We got the tapes after he died and we started the process of piecing the album together. Now, as regards to legality of all of this, when he passed away, he had signed a will that had put into affect his executor, his old accountant, Arthur Erk. Now, Arthur hired his own attorney, Micheline Levine, to act as the transactional attorney for the estate. Micheline, when the documents were ratified by the state of California and Artie’s executorship was approved, contacted me and asked me to act as the creative director of the estate. This was in early 2007. Of course, the first set of questions I asked were about this album. He had been Dilla’s long time attorney and he told me immediately that there were release paperwork releasing Dilla and the ownership of his album.
So there was paperwork that he was legally free of MCA?
Yeah, legally free of any obligations, whatever the terms of the release were. To be 100 percent honest, I had never seen the release paperwork. I mean, at a certain point, a lot of that stuff is outside of my pay grade. My role is quite simple: Make sure that any project that comes out officially through the estate is done as creatively in line with Dilla’s vision as possible.
Why did it take nine years to come out from that moment?

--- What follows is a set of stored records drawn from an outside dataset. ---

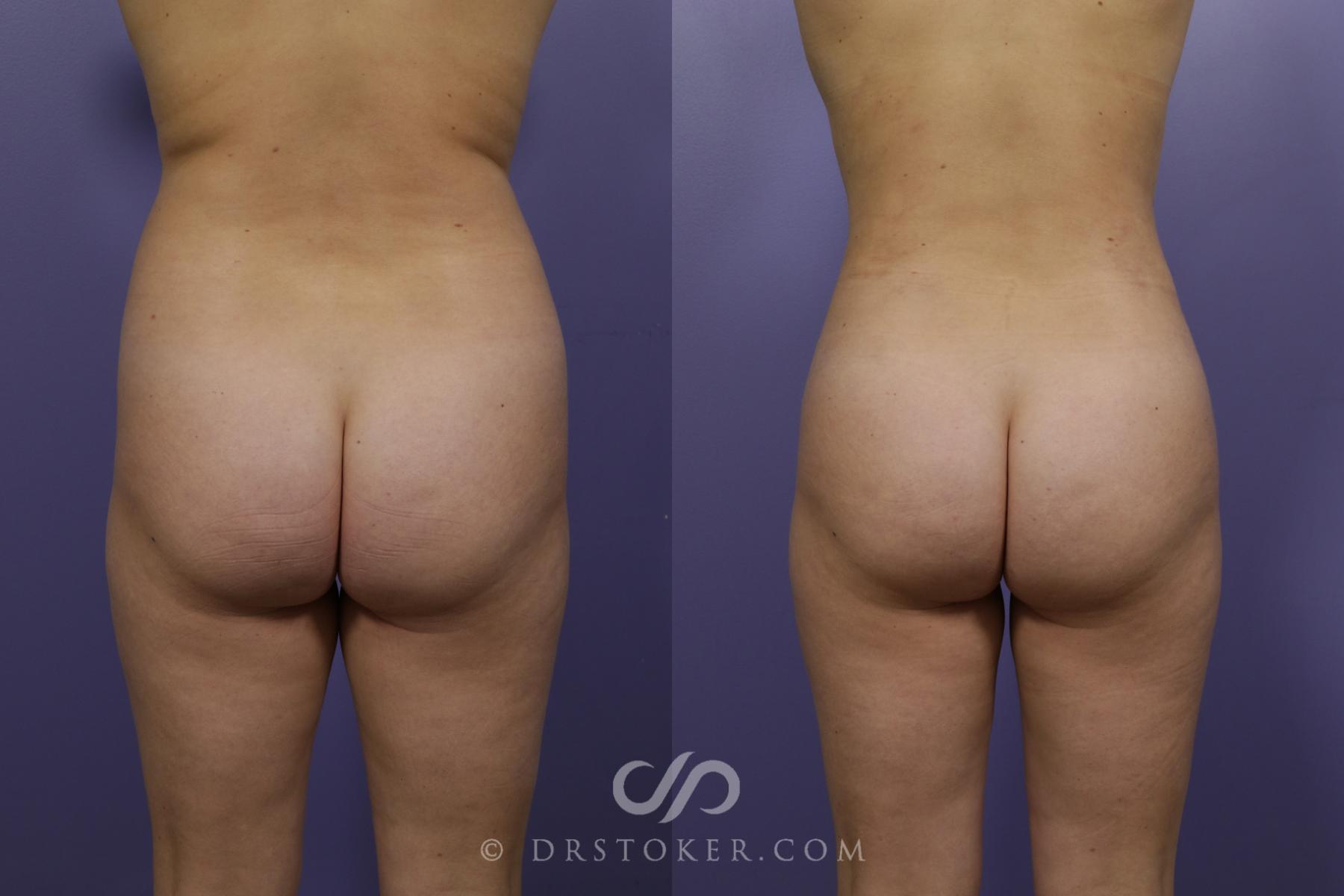 Before & After Liposuction Case 1318 View #1 View in Los Angeles, CA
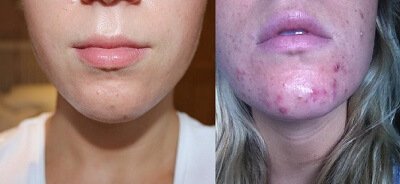 טיפול באקנה לפני אחרי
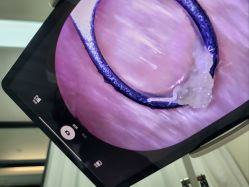 -凡碧诗毛孔清洁收细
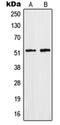 Heterogeneous Nuclear Ribonucleoprotein F antibody, orb214043, Biorbyt, Western Blot image 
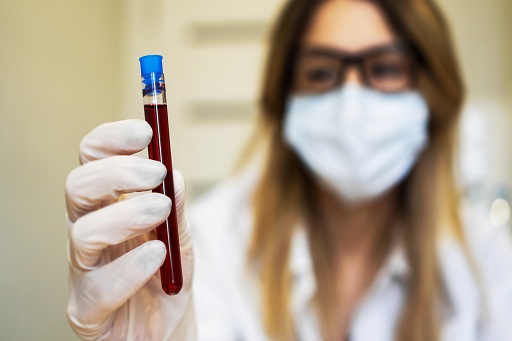 Hipercreatininemia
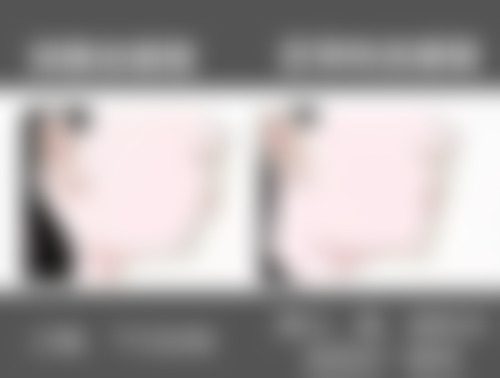 不同地区瑞士种植牙价格差异分析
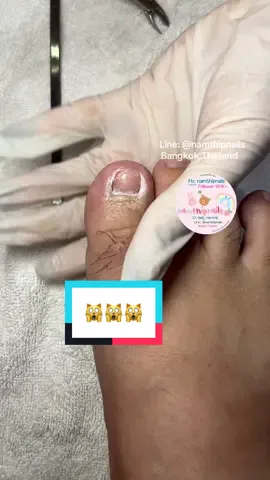 💓 #namthipnails #ตัดเล็บขบ #ตัดหนัง #ทำเล็บ #ร้านตัดเล็บขบ      Fb : namthipnails  Line : @namthipnails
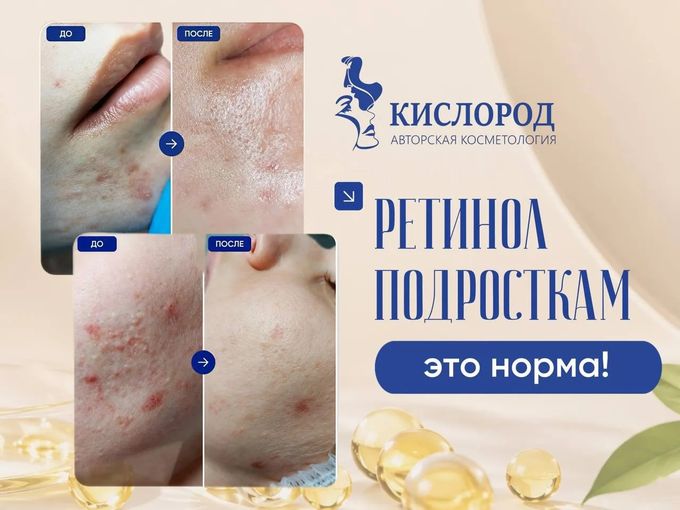 РЕТИНОЛ ПОДРОСТКАМ — ЭТО НОРМА☝️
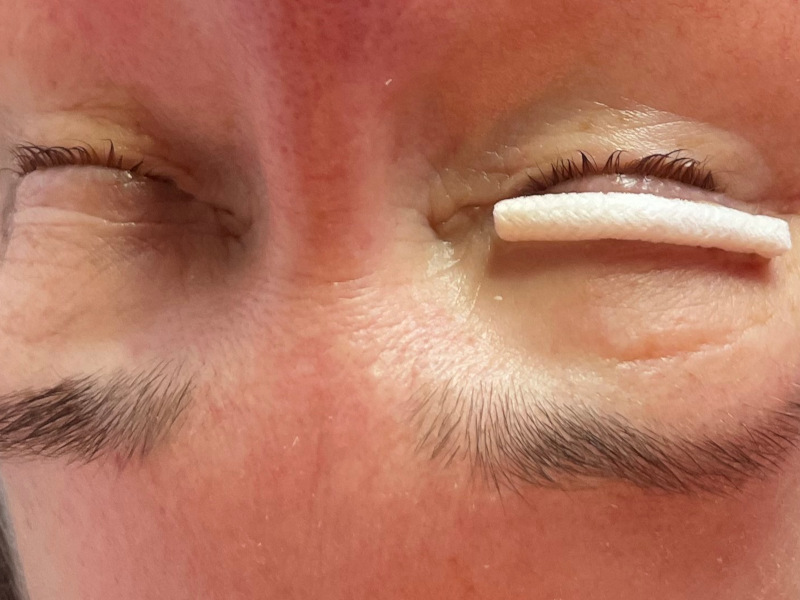 Wimpernrolle efter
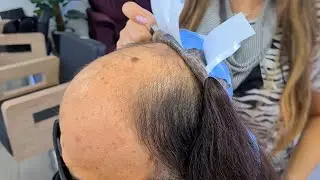 Como eu aplico a Prótese capilar injetada!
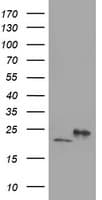 DHFRL1 Antibody (aa4-185, clone OTI1E2)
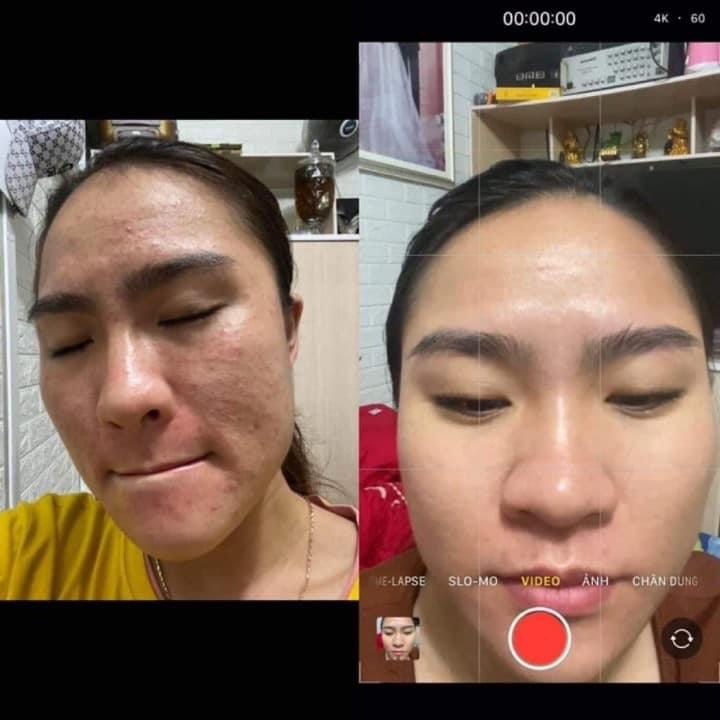 Combo hủy diệt mụn khô qua lim.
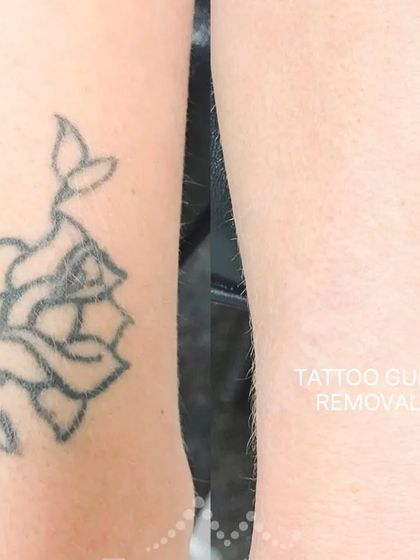 An outline of a rose tattoo on the arm, successfully removed. Outline tattoos often respond well to laser treatment.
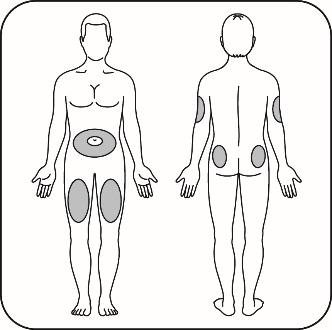 Schema del corpo umano con aree ombreggiate che indicano possibili siti di iniezione sottocutanea addome fianchi cosce
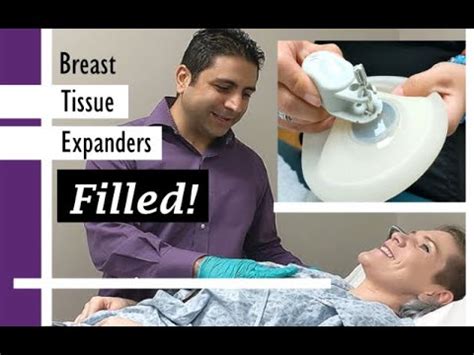 How Tissue Expanders Are Used in Breast。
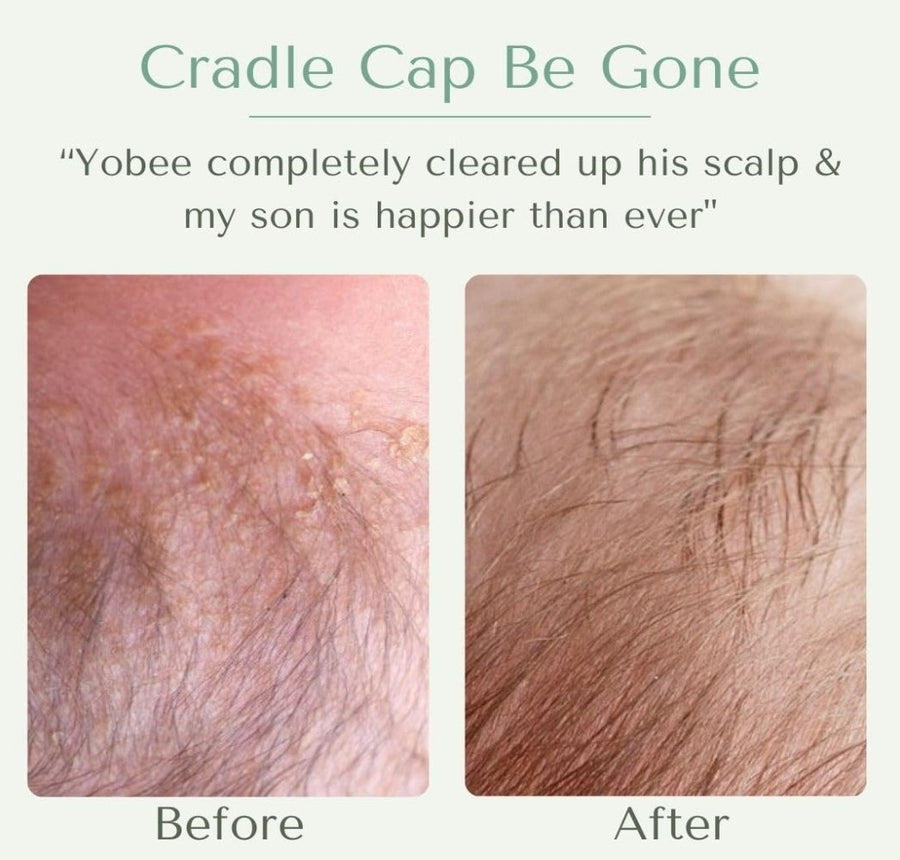 Scalp Hair Mask for Babies cradle cap eczema flakes dandruff dermatitis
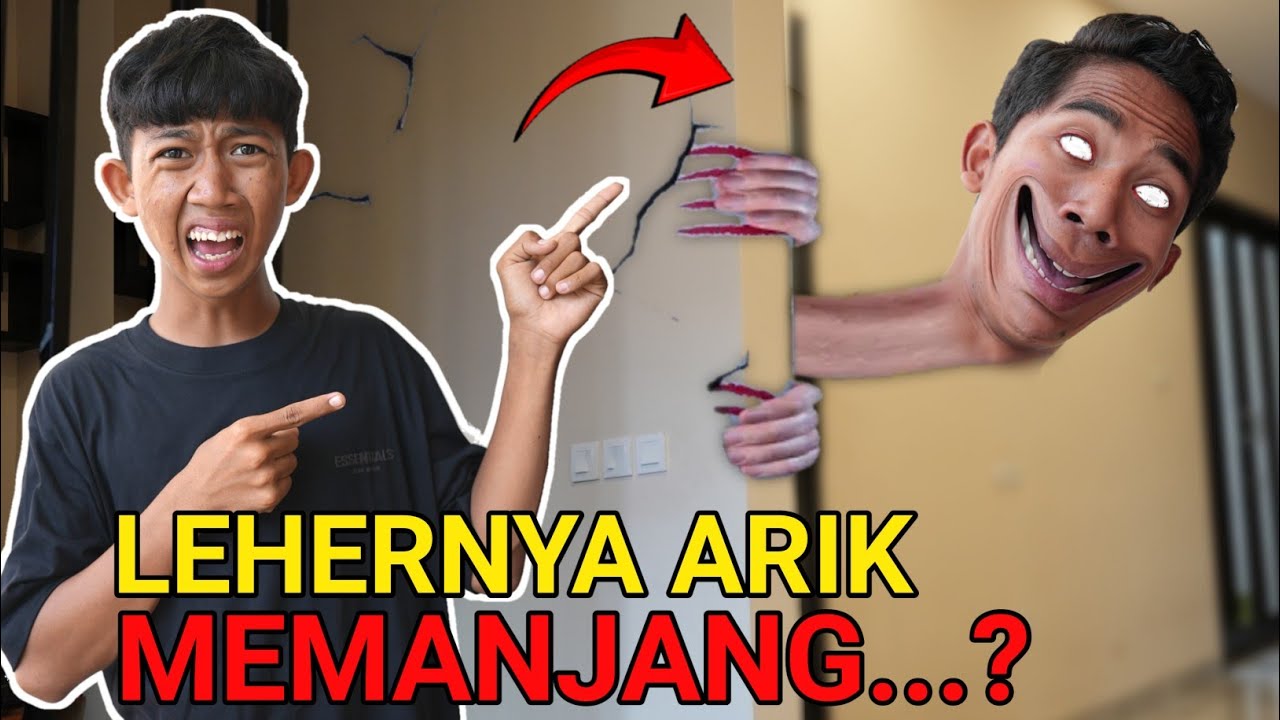 ARIK LEHERNYA GAK BISA BERHENTI TUMBUH MEMANJANG😱!! KOK BISA Toollloonggg!! | Mikael TubeHD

Just unpacking the files, finding the software that he used, getting it again, because at that point it was already archaic, unpacking the files so that we can actually look at them, took years. Literally years. Bear in mind, we were able to get some low-hanging fruit earlier than we were able to get others, that’s how the Ruff Draft record with the instrumentals and unreleased tracks were able to come out. That was easy to find. It was really well labeled. The record had already come out, so we had a reference point, you know what I’m saying? It was quite simple. This record was a pain in the fucking ass.